Devout, courageous Jews are stimulating a major revival of concern for religious liberty.
The immediate focus is the plight of Jews in the Soviet Union. Their activities have been restricted for many years, but the issue has been coming to a head only recently. Many want to emigrate to Israel. Soviet authorities have frowned on this but have let a few go.
The latest event interpreted by Jews as repression was a trial in May of four Jews in Riga, Latvia. They were found guilty of anti-Soviet activity and sentenced to prison terms ranging from one to three years.
The trial provided Exhibit A for a crusading Jewess, Mrs.
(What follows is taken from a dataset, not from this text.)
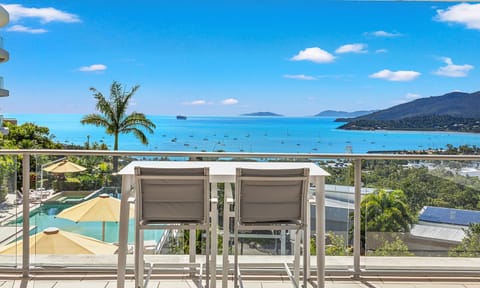Day, Natural landscape, View (from property/room), Balcony/Terrace, Mountain view, Pool view, Sea view, Swimming pool, sunbed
Rivka Alexandrovich, 47, who has crisscrossed the Western world in recent weeks to call public attention to Soviet persecution of those who take their Judaism seriously. Her 23-year-old daughter was one of the Riga defendants. “The only crime is that Ruth is Jewish,” said Mrs. Alexandrovich, who taught English in Riga for twenty-five years and was allowed to emigrate to Israel with an 18-year-old son only a few weeks ago. Ruth, a nurse, has been in jail since last October. At the trial in May she was given a one-year term. Her father has remained behind with her in the Soviet Union.
Pleas like those of Mrs. Alexandrovich are arousing the interest of many who heretofore have thought that religious persecution existed almost exclusively in the minds of right-wing nuts. They are also putting ecumenists on the spot, obliging them to speak up on the denial of religious freedom in many Communist countries. Thus far, the ecumenical movement has been promoting the kind of dialogue with Communists that sweeps such unpleasantries under diplomatic rugs.
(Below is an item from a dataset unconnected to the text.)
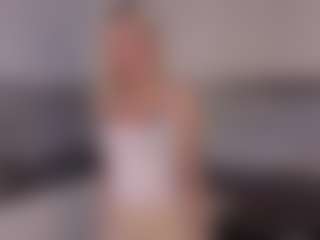 SylviaDaring's Live Sex Cam Show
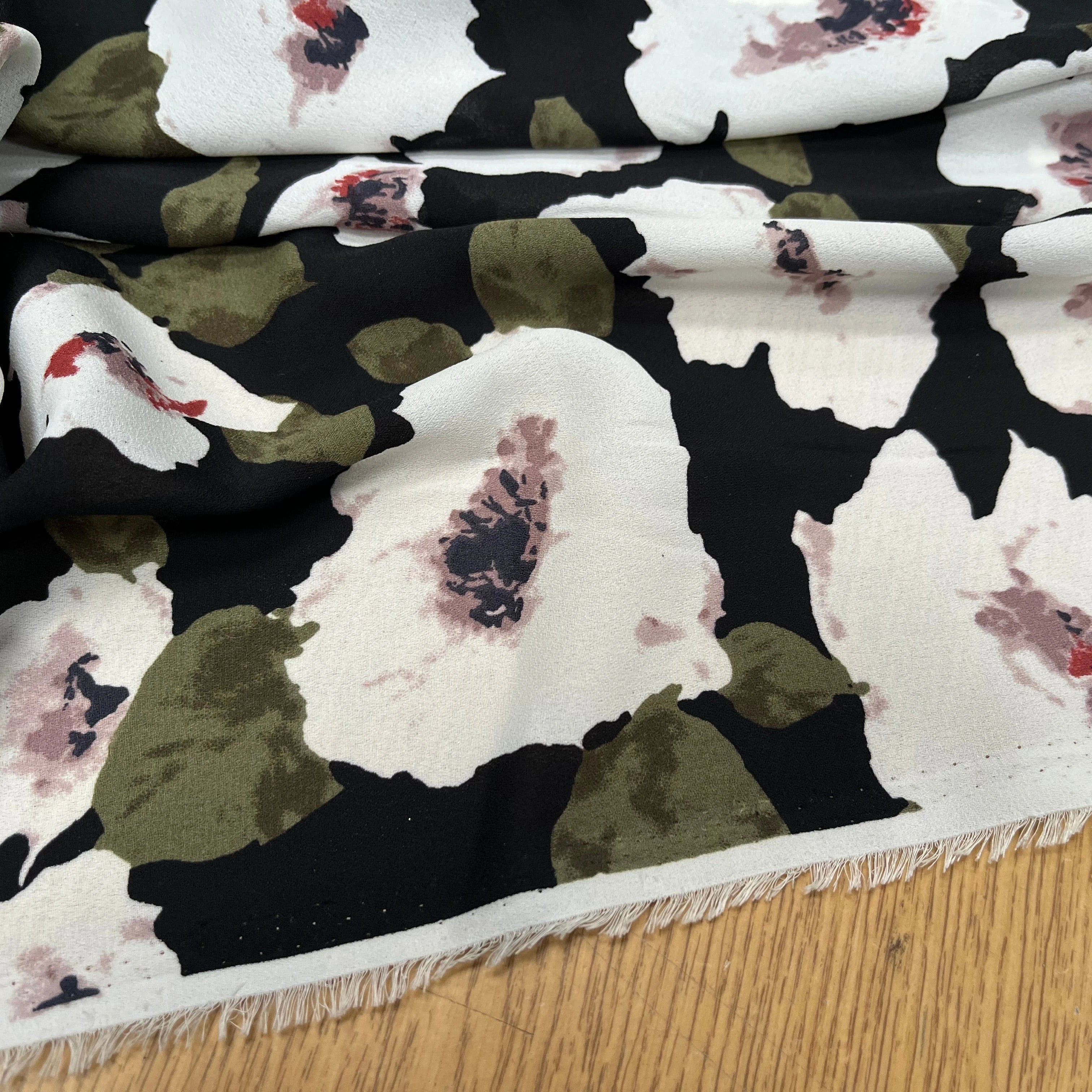 CREPE FLUIDE IMPRIMÉ GROSSES FLEURES SUR FOND NOIR - My Little Coupon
Mrs. Alexandrovich has appeared on a number of television shows in the United States and has held press conferences and interviews arranged by the American Jewish Committee. She made an impassioned speech to the United Presbyterian General Assembly in Rochester, New York. Rabbi Marc Tanenbaum, national interreligious affairs director of the American Jewish Committee, called her “the latest missionary of mercy to your consciences.” He said the Western world has been lulled into a feeling of security regarding religion in the Soviet Union.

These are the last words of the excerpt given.